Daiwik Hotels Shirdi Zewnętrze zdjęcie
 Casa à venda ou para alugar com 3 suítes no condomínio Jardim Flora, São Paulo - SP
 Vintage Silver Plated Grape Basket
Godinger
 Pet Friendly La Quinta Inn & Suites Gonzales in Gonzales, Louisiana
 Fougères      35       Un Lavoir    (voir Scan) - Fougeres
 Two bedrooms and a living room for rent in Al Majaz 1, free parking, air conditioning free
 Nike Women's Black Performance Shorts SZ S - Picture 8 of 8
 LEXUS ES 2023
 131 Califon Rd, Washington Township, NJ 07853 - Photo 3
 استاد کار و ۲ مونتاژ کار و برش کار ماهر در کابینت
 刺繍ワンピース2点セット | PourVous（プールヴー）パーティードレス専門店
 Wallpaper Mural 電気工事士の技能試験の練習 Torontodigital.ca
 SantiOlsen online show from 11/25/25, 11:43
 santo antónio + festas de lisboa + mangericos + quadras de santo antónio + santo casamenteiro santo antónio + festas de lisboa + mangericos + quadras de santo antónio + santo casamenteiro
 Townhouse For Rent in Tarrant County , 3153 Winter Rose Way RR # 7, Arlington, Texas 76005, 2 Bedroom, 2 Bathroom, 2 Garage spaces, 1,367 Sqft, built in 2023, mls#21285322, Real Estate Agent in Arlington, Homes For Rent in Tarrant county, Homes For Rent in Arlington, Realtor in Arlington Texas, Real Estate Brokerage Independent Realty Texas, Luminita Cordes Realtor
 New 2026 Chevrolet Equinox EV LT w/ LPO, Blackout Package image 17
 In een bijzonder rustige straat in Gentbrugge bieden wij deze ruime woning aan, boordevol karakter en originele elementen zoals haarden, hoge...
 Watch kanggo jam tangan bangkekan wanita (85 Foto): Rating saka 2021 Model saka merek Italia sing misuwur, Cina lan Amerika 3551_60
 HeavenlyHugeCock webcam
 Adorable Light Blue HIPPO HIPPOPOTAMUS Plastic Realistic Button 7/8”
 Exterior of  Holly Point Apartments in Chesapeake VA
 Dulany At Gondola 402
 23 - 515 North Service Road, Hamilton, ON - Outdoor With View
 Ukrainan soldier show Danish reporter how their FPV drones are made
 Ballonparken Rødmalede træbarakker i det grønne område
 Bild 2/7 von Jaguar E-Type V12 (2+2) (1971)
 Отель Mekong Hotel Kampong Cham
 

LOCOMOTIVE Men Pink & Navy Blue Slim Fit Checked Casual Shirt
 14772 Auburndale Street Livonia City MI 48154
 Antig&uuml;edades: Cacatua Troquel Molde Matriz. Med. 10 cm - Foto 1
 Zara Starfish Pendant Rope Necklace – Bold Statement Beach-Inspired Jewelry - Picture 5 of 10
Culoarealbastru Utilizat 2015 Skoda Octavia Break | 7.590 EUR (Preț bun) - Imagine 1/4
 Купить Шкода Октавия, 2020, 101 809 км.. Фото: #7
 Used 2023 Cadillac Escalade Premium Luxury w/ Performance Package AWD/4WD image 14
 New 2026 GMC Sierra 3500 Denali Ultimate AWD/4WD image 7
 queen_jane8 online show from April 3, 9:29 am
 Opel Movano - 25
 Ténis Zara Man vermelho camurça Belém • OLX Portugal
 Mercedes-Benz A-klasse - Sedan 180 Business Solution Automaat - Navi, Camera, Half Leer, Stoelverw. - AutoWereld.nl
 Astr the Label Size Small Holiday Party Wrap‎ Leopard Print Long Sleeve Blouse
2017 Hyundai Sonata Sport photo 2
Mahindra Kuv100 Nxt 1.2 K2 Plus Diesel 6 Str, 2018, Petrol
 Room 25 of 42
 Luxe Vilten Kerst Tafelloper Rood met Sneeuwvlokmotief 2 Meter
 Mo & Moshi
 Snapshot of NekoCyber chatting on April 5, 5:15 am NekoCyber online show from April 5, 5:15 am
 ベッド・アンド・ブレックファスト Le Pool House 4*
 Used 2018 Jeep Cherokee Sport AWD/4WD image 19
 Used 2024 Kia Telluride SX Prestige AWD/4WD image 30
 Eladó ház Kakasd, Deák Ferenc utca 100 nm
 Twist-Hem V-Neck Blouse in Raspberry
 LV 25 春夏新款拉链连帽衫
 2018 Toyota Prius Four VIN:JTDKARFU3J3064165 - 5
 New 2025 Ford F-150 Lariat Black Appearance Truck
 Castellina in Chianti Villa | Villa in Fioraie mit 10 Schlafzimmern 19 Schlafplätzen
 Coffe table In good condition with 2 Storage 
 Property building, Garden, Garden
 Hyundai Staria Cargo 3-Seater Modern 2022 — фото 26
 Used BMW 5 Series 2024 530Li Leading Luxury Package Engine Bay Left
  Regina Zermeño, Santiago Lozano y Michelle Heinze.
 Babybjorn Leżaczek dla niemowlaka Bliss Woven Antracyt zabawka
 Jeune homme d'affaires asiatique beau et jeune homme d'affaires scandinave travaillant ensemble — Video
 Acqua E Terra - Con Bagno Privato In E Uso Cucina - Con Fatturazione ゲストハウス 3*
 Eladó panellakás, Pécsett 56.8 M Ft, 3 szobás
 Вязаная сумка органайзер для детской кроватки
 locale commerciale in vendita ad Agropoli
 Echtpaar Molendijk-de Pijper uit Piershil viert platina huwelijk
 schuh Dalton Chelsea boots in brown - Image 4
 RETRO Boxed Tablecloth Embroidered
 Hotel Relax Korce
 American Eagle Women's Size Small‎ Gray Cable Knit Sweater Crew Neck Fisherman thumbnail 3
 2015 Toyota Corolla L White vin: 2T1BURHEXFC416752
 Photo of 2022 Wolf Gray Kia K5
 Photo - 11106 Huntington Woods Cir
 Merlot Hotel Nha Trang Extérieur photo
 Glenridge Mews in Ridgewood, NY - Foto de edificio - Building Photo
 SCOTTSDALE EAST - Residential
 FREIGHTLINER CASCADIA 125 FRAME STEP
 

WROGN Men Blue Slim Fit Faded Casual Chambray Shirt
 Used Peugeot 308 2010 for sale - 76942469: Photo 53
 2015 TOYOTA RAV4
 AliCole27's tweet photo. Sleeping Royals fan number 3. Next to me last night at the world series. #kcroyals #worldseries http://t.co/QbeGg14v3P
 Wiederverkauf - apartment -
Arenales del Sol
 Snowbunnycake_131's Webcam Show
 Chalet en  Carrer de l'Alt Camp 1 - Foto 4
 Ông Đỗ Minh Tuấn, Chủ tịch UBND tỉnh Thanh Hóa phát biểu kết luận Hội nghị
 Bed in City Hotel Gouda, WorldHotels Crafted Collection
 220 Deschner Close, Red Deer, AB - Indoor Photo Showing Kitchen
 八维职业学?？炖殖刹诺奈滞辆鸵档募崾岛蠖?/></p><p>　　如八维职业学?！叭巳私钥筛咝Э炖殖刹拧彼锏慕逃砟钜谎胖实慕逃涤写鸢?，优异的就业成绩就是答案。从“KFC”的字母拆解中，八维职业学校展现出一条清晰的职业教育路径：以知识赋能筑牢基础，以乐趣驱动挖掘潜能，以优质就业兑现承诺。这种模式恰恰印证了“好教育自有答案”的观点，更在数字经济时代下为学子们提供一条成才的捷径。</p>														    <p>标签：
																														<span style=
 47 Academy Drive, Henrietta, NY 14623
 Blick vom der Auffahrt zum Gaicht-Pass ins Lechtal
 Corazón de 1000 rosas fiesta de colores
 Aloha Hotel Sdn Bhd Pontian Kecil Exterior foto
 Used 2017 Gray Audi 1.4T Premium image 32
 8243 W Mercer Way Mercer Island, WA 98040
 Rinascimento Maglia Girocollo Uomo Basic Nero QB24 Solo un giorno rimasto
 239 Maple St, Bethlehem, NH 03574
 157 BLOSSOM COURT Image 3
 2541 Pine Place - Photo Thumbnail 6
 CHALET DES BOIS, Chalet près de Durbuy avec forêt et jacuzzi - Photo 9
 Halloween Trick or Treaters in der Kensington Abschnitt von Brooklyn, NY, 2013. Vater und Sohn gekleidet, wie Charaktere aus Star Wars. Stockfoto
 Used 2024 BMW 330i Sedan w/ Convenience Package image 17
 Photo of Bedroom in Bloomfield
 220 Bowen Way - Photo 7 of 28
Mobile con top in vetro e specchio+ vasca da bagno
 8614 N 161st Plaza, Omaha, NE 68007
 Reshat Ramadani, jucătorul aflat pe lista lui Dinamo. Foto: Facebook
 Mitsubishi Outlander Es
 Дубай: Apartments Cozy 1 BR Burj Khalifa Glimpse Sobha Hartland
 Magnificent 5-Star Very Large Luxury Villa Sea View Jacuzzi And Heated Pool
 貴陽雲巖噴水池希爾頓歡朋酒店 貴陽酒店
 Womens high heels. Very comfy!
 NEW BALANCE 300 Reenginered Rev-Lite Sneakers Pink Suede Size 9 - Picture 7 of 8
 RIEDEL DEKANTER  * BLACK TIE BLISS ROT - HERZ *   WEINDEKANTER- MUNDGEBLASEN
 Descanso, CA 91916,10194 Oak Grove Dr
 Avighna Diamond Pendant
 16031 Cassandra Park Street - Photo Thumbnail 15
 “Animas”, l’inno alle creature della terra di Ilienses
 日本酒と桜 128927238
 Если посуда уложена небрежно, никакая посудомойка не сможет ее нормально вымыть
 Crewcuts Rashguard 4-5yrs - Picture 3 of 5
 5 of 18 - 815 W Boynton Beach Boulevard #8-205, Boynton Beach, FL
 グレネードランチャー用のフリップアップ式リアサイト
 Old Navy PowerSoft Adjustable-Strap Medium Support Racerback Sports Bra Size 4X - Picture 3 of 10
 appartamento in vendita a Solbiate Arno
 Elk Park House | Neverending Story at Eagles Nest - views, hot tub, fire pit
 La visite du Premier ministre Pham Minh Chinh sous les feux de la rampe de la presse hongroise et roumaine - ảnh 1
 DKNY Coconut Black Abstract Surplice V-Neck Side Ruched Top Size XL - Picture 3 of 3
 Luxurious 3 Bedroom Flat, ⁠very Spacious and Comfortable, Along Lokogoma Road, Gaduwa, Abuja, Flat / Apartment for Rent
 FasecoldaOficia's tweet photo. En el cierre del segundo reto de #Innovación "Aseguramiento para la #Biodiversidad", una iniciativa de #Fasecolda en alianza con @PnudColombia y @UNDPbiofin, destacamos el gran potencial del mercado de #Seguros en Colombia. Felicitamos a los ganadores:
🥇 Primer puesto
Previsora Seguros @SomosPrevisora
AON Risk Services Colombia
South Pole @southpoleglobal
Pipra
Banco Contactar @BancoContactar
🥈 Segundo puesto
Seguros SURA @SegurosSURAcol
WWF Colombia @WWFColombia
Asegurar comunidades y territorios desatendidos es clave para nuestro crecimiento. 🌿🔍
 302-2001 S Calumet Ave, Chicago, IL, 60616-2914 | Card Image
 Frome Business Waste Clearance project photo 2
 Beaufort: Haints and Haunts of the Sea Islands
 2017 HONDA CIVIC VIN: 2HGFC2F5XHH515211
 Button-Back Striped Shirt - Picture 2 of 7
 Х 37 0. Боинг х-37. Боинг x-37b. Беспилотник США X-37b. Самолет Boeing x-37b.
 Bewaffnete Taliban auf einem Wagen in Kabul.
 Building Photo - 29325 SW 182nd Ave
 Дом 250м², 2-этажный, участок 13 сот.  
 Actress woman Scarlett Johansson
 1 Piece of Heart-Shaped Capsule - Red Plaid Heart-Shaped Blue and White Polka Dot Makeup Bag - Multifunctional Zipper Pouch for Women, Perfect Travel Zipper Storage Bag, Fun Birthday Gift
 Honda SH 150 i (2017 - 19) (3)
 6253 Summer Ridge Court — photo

--*--

→ THE PROBLEM
Check each line above for the string "Chalet" and copy every line that has it.

→ EXERCISE RESULT
 Chalet en  Carrer de l'Alt Camp 1 - Foto 4
 CHALET DES BOIS, Chalet près de Durbuy avec forêt et jacuzzi - Photo 9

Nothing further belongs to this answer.